(INPUT MATERIAL)
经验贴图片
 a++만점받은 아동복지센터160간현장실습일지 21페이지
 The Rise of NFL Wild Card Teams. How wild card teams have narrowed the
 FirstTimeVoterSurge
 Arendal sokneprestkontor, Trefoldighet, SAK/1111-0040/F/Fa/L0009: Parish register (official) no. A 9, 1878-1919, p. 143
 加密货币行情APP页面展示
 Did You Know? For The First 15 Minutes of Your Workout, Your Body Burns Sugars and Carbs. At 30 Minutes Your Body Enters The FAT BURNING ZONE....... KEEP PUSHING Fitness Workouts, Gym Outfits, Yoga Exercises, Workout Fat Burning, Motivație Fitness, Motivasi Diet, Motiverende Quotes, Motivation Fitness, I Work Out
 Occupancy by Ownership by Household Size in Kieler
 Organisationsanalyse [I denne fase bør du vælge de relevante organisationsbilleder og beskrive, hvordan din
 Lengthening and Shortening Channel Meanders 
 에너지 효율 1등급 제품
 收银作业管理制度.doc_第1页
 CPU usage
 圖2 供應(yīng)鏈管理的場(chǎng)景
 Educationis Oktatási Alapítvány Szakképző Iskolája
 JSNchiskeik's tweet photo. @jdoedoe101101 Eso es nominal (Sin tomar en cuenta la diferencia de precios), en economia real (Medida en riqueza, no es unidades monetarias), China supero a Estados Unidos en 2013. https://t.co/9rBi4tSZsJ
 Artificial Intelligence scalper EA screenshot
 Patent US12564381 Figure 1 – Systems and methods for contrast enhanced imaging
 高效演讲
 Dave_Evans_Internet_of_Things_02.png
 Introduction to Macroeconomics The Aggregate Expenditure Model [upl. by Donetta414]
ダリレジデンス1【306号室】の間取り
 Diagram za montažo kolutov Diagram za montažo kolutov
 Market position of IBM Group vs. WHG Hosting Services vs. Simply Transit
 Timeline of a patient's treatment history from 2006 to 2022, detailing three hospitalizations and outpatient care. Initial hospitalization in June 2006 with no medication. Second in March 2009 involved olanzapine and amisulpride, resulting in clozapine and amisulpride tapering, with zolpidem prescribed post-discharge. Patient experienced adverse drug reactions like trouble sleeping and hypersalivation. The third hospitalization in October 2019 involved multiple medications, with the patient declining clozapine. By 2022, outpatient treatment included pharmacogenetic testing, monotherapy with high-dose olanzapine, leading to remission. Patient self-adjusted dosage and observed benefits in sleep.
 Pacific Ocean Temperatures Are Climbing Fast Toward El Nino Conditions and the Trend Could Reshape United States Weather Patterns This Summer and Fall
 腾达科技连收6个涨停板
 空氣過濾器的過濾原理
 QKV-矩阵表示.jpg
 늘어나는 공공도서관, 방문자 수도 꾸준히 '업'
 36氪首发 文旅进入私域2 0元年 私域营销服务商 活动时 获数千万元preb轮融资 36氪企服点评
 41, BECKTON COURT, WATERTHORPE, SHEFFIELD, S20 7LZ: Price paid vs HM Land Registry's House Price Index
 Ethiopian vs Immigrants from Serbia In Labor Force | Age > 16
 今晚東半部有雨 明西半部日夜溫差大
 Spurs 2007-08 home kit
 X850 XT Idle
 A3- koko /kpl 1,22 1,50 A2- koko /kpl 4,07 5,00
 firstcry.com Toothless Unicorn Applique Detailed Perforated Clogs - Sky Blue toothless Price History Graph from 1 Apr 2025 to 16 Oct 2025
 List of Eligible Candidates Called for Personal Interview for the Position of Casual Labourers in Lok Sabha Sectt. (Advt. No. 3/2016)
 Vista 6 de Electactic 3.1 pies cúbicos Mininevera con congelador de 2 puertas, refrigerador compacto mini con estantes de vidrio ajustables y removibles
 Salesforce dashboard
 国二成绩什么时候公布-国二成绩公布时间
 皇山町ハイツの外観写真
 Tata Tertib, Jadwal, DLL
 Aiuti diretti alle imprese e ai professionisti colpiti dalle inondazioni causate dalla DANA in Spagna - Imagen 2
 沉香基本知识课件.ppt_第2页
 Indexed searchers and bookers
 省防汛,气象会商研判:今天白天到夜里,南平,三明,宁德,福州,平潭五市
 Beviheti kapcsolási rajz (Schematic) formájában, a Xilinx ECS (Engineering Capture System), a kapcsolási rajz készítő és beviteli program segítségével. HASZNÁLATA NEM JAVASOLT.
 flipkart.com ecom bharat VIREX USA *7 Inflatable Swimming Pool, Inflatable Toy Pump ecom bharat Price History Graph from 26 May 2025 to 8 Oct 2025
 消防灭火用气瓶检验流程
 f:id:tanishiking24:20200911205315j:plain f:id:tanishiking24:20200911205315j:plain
(End INPUT MATERIAL)
__YOUR OBJECTIVE__. Retype the records above in full, exactly.

__RESPONSE TO THE EXERCISE__.
经验贴图片
 a++만점받은 아동복지센터160간현장실습일지 21페이지
 The Rise of NFL Wild Card Teams. How wild card teams have narrowed the
 FirstTimeVoterSurge
 Arendal sokneprestkontor, Trefoldighet, SAK/1111-0040/F/Fa/L0009: Parish register (official) no. A 9, 1878-1919, p. 143
 加密货币行情APP页面展示
 Did You Know? For The First 15 Minutes of Your Workout, Your Body Burns Sugars and Carbs. At 30 Minutes Your Body Enters The FAT BURNING ZONE....... KEEP PUSHING Fitness Workouts, Gym Outfits, Yoga Exercises, Workout Fat Burning, Motivație Fitness, Motivasi Diet, Motiverende Quotes, Motivation Fitness, I Work Out
 Occupancy by Ownership by Household Size in Kieler
 Organisationsanalyse [I denne fase bør du vælge de relevante organisationsbilleder og beskrive, hvordan din
 Lengthening and Shortening Channel Meanders 
 에너지 효율 1등급 제품
 收银作业管理制度.doc_第1页
 CPU usage
 圖2 供應(yīng)鏈管理的場(chǎng)景
 Educationis Oktatási Alapítvány Szakképző Iskolája
 JSNchiskeik's tweet photo. @jdoedoe101101 Eso es nominal (Sin tomar en cuenta la diferencia de precios), en economia real (Medida en riqueza, no es unidades monetarias), China supero a Estados Unidos en 2013. https://t.co/9rBi4tSZsJ
 Artificial Intelligence scalper EA screenshot
 Patent US12564381 Figure 1 – Systems and methods for contrast enhanced imaging
 高效演讲
 Dave_Evans_Internet_of_Things_02.png
 Introduction to Macroeconomics The Aggregate Expenditure Model [upl. by Donetta414]
ダリレジデンス1【306号室】の間取り
 Diagram za montažo kolutov Diagram za montažo kolutov
 Market position of IBM Group vs. WHG Hosting Services vs. Simply Transit
 Timeline of a patient's treatment history from 2006 to 2022, detailing three hospitalizations and outpatient care. Initial hospitalization in June 2006 with no medication. Second in March 2009 involved olanzapine and amisulpride, resulting in clozapine and amisulpride tapering, with zolpidem prescribed post-discharge. Patient experienced adverse drug reactions like trouble sleeping and hypersalivation. The third hospitalization in October 2019 involved multiple medications, with the patient declining clozapine. By 2022, outpatient treatment included pharmacogenetic testing, monotherapy with high-dose olanzapine, leading to remission. Patient self-adjusted dosage and observed benefits in sleep.
 Pacific Ocean Temperatures Are Climbing Fast Toward El Nino Conditions and the Trend Could Reshape United States Weather Patterns This Summer and Fall
 腾达科技连收6个涨停板
 空氣過濾器的過濾原理
 QKV-矩阵表示.jpg
 늘어나는 공공도서관, 방문자 수도 꾸준히 '업'
 36氪首发 文旅进入私域2 0元年 私域营销服务商 活动时 获数千万元preb轮融资 36氪企服点评
 41, BECKTON COURT, WATERTHORPE, SHEFFIELD, S20 7LZ: Price paid vs HM Land Registry's House Price Index
 Ethiopian vs Immigrants from Serbia In Labor Force | Age > 16
 今晚東半部有雨 明西半部日夜溫差大
 Spurs 2007-08 home kit
 X850 XT Idle
 A3- koko /kpl 1,22 1,50 A2- koko /kpl 4,07 5,00
 firstcry.com Toothless Unicorn Applique Detailed Perforated Clogs - Sky Blue toothless Price History Graph from 1 Apr 2025 to 16 Oct 2025
 List of Eligible Candidates Called for Personal Interview for the Position of Casual Labourers in Lok Sabha Sectt. (Advt. No. 3/2016)
 Vista 6 de Electactic 3.1 pies cúbicos Mininevera con congelador de 2 puertas, refrigerador compacto mini con estantes de vidrio ajustables y removibles
 Salesforce dashboard
 国二成绩什么时候公布-国二成绩公布时间
 皇山町ハイツの外観写真
 Tata Tertib, Jadwal, DLL
 Aiuti diretti alle imprese e ai professionisti colpiti dalle inondazioni causate dalla DANA in Spagna - Imagen 2
 沉香基本知识课件.ppt_第2页
 Indexed searchers and bookers
 省防汛,气象会商研判:今天白天到夜里,南平,三明,宁德,福州,平潭五市
 Beviheti kapcsolási rajz (Schematic) formájában, a Xilinx ECS (Engineering Capture System), a kapcsolási rajz készítő és beviteli program segítségével. HASZNÁLATA NEM JAVASOLT.
 flipkart.com ecom bharat VIREX USA *7 Inflatable Swimming Pool, Inflatable Toy Pump ecom bharat Price History Graph from 26 May 2025 to 8 Oct 2025
 消防灭火用气瓶检验流程
 f:id:tanishiking24:20200911205315j:plain f:id:tanishiking24:20200911205315j:plain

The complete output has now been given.